Turkish Airlines whisked me on their metallic magic carpet to Istanbul where there was a short wait for a connecting flight to Turkeys capital city, Ankara. Now, it just so happens that only last year, my wife and I visited Istanbul for a city break weekend. Been there, got the T-shirt, etc., etc. Istanbul is a pretty amazing city, believe me, well worth a visit with a few of your air miles, or a few million of your profile points.

As the second smaller magic carpet ascended over the old city of ‘Constantinople’ heading further east than I had ever been before, a nagging doubt visited me, not for the first time. What was I letting myself in for? If I made a hash of this job, not only would my own reputation go down the pan, but, in TRT’s eyes, that of the BBC who had provided them with this ‘expert’. Our training trip to Istanbul might be compromised, and my work with Wood Norton as well. What indeed was I letting myself in for?

The other slightly more logical side of my brain told me that I had been lighting all manner of shows for about twenty years and ought to be able to cope. That wasn’t quite enough to reassure me.

The plane descended through snow capped mountains onto the barren, Russian Steppes type landscape. The guide books say that it had a population of about 30,000 in the 1930’s; now it is more like 4 million. The city is all at a height of about 1000 metres above sea level (we’re talking the top of Snowdon) and as we approached the runway, it seemed that there were no walls and precious few trees or boundaries of any kind.

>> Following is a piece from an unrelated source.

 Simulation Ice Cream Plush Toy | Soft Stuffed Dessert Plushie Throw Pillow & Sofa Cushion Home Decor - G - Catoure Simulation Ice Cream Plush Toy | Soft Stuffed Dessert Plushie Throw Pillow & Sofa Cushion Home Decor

I will admit to always having fancied coming out of the customs channel and seeing my name up on one of those boards held by a smiling young lady. My luck was in! Mike Baker, in big letters jostled for my attention amongst the many ‘meet and greeters’.

Ebru was one of the two interpreters provided by TRT during my working hours, and she showed me to the chauffeur driven car that awaited me outside the terminal. Ankara was seen through a windscreen as the rain bounced off everything in sight. As we approached the city through a straggling series of somewhat ramshackle establishments, I was gently reminded that Turkey was an ‘emerging nation’ and so it seemed. Nowhere looks good in the rain, how many times have you been somewhere on holiday in the sunshine, only to see the same place in bad weather, and realise that we in the UK have actually got some rather nice countryside, if not the weather, of our own.

From the centre of the city we started climbing to its southern heights, and heights they were. Past all the embassies, government buildings and international hotels we climbed and climbed and climbed for some 8 kilometres. The rainwater cascaded in torrents down the grooves worn by countless heavy trucks, like two parallel streams, testing conditions for the driver, who had clearly got some ambitions to Grand Prix racing.

 TRT by night, an impressive sight...

...and by day.

     Ebru pointed out this floodlit massive building on the approaching horizon. “There is TRT”, she said. The building was built on the top of the hills at the southernmost extremity of the city, and it was huge! I have been in some big buildings but this one took the biscuit. Twelve stories high, and accommodating some 5000 employees, a veritable Broadcasting Megalith. Within its perimeter, it has many shops, supermarkets, dry cleaners - and all just for the use of the staff.